Working in conjunction with Information Technology, the Boston College Police Department (BCPD) confirmed that the message was sent from a specific workstation in the O'Neill Library Computer Facility (OCF) at 11:38 p.m. on Wednesday, Sept. 30, 1998. Within a day, they initially identified 139 students who were logged into the OCF between 9 p.m. and [midnight] on that evening. They subsequently identified several other students who had been present in the OCF but who had not run their ID cards through the card reader at the entrance. BCPD sought and received outside assistance from the FBI, Massachusetts Attorney General's Office, Middlesex District Attorney and Massachusetts State Police. In total, BCPD conducted 191 documented interviews and expended more than 300 hours investigating all leads.

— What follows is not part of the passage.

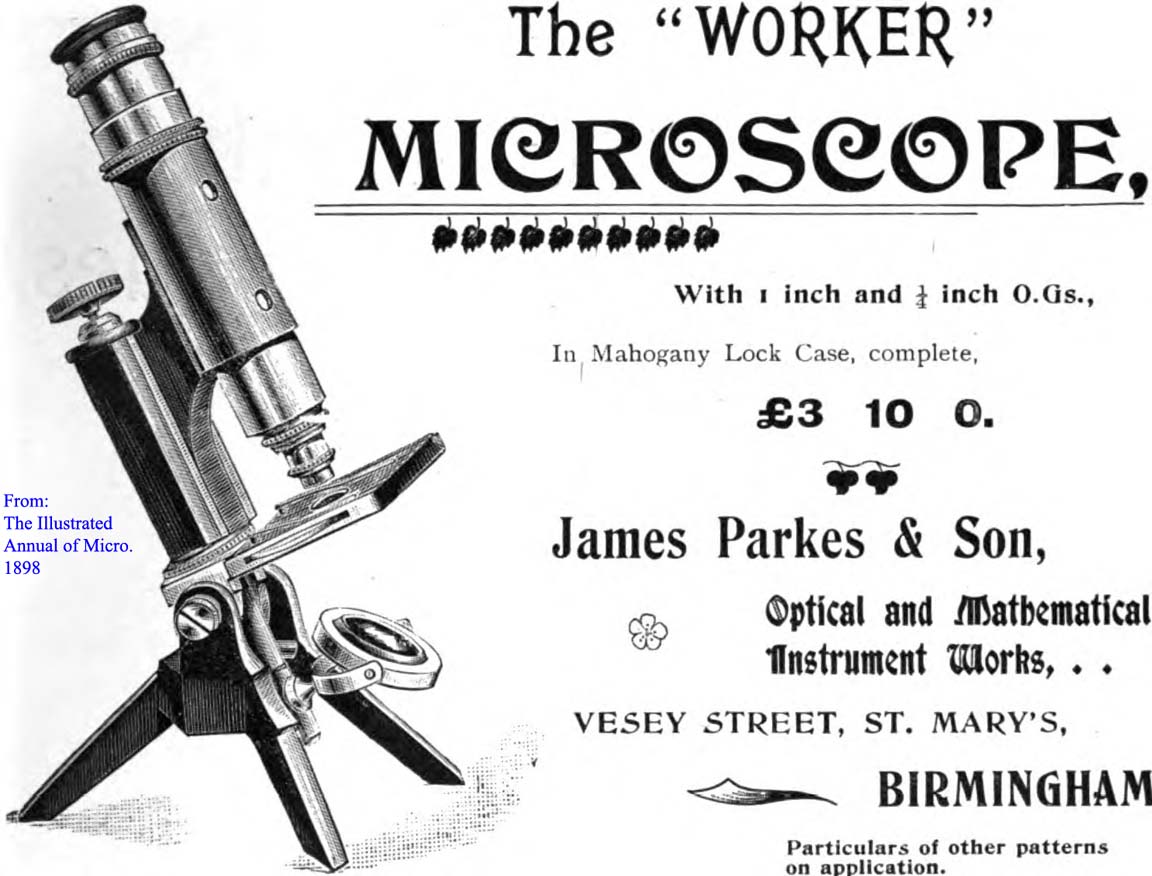 worker microscope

In addition, each of the victims was interviewed individually by BCPD and offered counseling and whatever other professional assistance she or he desired. Several group meetings and a dinner discussion were also held with senior administrators, the victims and representatives of UGBC. Special police details were assigned in the on-campus residence areas where most of the victims lived. At the request of the students who received the e-mail, BPCD also placed "traps" on their phone lines. Despite all these efforts, the Boston College Police have concluded that it is not possible at this time to identify the sender of the e-mail with the information available. While the investigation remains open, it appears likely that the perpetrator of this cowardly act will not be detected unless new information emerges.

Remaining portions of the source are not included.